A CTO’s Guide to Patenting an Invention

3 min read

Whether you work for a large company or on the ground floor of a small startup, you’re probably coming up with new ideas for solving everyday problems. But how do you know when one of those ideas is good, and how do you protect your invention?

There is a legal process for filing a patent, but there is also a roadmap for creating something patent-worthy — one that begins well before the first brainstorming session.

I’ve spent most of my career inventing. For over 25 years, I’ve worked on Voice over Internet Protocol (VoIP) and have over 100 related patents. I also lead a team of problem solvers and innovators at Cisco that creates game-changing solutions for the future. Our team’s charter is to always be state-of-the-art in security and collaboration. Inventing is just part of the job, so creating an environment that allows that process to thrive is essential.

Before Getting Started: 

Why Are Patents Important?

For companies, patents offer protection from others stealing ideas. A well-stacked patent portfolio also lets companies like Cisco, for example, trade patents with other companies so that we can keep innovating and building great products based on the best ideas out there.

Patents make the technology ecosystem work. They allow small companies to compete with larger ones.

And for the individual? If you have a patent on your resume (especially if you’re not an engineer), you’re a stand-out before you even get an interview.

How To Patent an Invention:

Step 1: Create Space for Ideas, Good and Bad

Nothing starts as a good idea. Every idea is born a bad one that becomes better over time. So, creating a culture where bad ideas aren’t automatically killed but have room to evolve and transform is paramount.

The key to creating this culture is ensuring all team members believe they are inventors. In my experience, no one believes or thinks that non-engineers on my team assume that you must be an engineer to invent something. The junior engineers think you must be very senior to go through the process. Meanwhile, those senior engineers often think that the entrepreneurial types are more likely to have new ideas worth patenting.

We are all inventors. If you have a problem to solve and you’re thinking about a way to solve it, you’re an inventor.

Encourage the more senior members of your team, particularly those who have already gone through the inventing/patenting process, to keep an eye open for other team members who are trying to invent something or who want to join discussions about ways to solve problems. If they hear a patentable idea, they can encourage that person to follow it.

Step 2: Come Up With a Good Idea

Often, people devise a problem and imagine a “machine” that could solve it. That’s not an invention; it’s a wish, and a wish is just half of the problem. Creating a well-stated problem is the hardest part of the inventing process. But after that, finding the solution becomes easy.

Once you’ve defined your problem, encourage brainstorming to solve it. Get different people in one room, and they’ll all contribute ideas to the solution. (Those who come up with the different parts of the concept will eventually be the authors on the patent. To be an inventor, you must not just be in the room when it happens.)

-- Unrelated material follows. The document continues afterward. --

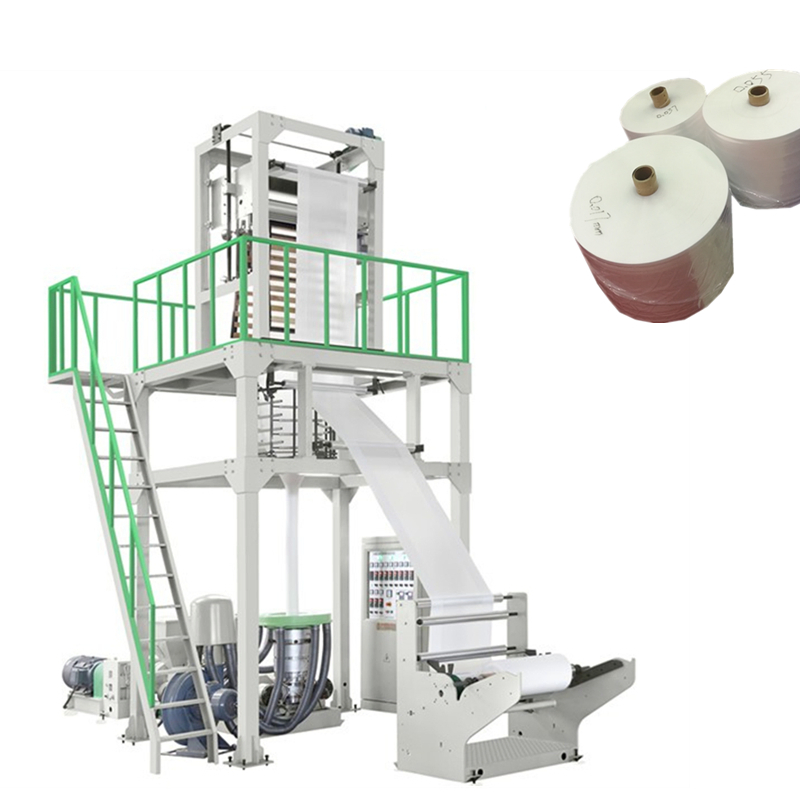 ABA Three-Layer Co-extrusion Film Blowing Extruder Machine for PE Plastic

If you’re coming up with ideas but nothing seems to work, consider different techniques used in your field, and think about how to combine those techniques. Very often, combining two different techniques to solve a problem is patentable. It’s hard to know why, but that thinking usually yields reasonable solutions. You’ll probably have some ideas if you start thinking that way when brainstorming an hour later.

Step 3: Turn a Good Idea into a Patentable One

You have an idea, but it has to be good and new. When you first look at it, it might appear to have been done before.

But look again: Is your idea using something in a new way or a new context? Maybe you’re combining it with another technique, which makes it new. Take your broad idea and narrow it down — getting as specific as possible. In what exact way is your idea new?

Once you’ve narrowed down your idea, it’s time to ask: Will others use it?

If no one else in the world but you will want to use your patent, or if there’s another solution that everyone already uses that is equally good, then your patent doesn’t give you any protection. People will just use the other idea.

This brings me to another point. People often think they need to patent all their ideas. That’s not necessarily true. You need to patent the idea that other people might want to use and that you want to own. If someone uses it, you’ll want them to license your rights.

Once you know your basic idea is good and new, and you know that others will use it, take that basic, specific idea that you’ve narrowed down, and then generalize back up: Think about all the variants of that idea, because what you want to do when you create a patent is create market covers multiple use cases.

For example, say you’ve built something that could work on an IP network. You might ask yourself, could this also work over a wireless or Bluetooth network? Often, the answer is yes. So, generalize your idea to include those scenarios.

Success Story Time:

One non-technical member of my team was utterly convinced she would never have a patent. One day, our team was trying to solve a complex problem. While she wasn’t an engineer, she cared about solving the problem and knew she was in a safe space to share an idea. So she did, and her idea was a good one.

I told her, “Hey, you know that is patentable, right?” She was skeptical, but she eventually obtained a patent for it.

Not only did she help solve a problem and provide Cisco with an idea worth protecting, but she also set herself apart for future success.